> **Requirement**:
Wherever the string "Thumbnail" shows up in the records below, return that line.

--

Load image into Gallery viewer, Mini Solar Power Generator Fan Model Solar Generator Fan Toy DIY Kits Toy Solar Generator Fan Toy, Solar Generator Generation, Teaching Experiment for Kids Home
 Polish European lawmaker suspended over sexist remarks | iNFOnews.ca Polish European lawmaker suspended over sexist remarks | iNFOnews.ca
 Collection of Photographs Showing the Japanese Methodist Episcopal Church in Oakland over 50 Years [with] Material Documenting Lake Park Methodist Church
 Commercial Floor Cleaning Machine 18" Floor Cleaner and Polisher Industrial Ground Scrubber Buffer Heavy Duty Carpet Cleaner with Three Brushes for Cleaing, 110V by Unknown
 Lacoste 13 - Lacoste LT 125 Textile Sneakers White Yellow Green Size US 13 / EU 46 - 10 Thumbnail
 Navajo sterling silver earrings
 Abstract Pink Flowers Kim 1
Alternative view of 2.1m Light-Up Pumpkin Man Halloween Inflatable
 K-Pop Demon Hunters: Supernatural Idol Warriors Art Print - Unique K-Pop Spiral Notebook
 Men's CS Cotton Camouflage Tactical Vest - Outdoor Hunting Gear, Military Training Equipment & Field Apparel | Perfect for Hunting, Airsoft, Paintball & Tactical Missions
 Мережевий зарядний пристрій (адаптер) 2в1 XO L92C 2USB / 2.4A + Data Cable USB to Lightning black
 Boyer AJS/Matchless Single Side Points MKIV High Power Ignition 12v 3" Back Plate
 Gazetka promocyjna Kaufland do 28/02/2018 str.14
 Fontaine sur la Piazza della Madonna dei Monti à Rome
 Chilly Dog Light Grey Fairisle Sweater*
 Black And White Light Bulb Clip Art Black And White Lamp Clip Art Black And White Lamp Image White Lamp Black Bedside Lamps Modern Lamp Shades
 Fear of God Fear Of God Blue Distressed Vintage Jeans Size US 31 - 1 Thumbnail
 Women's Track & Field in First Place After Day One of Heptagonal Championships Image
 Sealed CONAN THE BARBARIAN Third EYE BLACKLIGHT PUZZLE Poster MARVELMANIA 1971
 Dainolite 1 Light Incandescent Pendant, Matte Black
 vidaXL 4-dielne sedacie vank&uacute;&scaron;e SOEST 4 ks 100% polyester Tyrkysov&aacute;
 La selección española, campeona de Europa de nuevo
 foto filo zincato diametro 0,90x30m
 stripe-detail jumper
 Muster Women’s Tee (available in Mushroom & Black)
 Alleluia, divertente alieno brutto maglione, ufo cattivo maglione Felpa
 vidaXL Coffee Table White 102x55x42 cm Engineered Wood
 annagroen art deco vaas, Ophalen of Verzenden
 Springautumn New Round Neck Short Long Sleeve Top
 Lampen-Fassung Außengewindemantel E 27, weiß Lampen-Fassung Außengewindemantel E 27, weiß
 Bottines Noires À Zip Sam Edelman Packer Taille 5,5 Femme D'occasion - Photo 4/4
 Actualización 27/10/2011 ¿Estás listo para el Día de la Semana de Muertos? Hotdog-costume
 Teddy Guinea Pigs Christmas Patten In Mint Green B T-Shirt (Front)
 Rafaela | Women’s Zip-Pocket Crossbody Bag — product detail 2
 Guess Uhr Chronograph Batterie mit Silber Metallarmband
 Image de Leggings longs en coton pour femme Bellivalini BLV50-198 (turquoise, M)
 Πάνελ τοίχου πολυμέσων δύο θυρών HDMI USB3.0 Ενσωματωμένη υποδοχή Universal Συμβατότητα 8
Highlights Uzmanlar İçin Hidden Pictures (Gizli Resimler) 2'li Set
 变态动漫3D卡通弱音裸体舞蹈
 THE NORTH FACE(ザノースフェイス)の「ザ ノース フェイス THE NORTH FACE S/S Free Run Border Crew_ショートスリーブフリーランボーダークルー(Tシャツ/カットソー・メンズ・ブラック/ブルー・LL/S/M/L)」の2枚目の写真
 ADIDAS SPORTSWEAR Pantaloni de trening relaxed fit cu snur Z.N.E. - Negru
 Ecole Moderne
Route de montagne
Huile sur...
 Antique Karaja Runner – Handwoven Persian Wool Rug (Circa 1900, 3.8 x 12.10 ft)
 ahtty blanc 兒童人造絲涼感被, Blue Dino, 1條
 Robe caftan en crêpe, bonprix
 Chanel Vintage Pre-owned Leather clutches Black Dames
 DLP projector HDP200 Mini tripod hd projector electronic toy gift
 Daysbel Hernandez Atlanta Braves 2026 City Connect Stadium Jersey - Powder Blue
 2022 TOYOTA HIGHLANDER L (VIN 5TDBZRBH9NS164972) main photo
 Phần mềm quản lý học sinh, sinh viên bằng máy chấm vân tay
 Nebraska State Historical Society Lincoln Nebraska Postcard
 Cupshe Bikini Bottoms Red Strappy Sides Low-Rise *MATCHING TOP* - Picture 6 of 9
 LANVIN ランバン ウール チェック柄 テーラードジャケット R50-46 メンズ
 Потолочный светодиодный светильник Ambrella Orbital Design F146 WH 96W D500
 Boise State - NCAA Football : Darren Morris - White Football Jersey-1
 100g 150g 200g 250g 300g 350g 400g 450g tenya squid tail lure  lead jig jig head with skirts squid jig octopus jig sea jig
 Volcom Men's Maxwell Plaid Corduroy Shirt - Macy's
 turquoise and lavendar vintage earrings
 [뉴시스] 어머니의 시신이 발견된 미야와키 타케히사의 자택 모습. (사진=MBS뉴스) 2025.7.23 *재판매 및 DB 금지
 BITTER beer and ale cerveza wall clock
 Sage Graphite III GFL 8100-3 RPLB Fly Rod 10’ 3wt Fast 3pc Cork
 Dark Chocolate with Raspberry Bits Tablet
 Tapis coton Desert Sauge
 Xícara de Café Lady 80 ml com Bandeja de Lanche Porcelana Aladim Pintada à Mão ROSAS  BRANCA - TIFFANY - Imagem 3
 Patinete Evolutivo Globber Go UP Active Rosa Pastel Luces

--

> **Solution to this task**:
 Lacoste 13 - Lacoste LT 125 Textile Sneakers White Yellow Green Size US 13 / EU 46 - 10 Thumbnail
 Fear of God Fear Of God Blue Distressed Vintage Jeans Size US 31 - 1 Thumbnail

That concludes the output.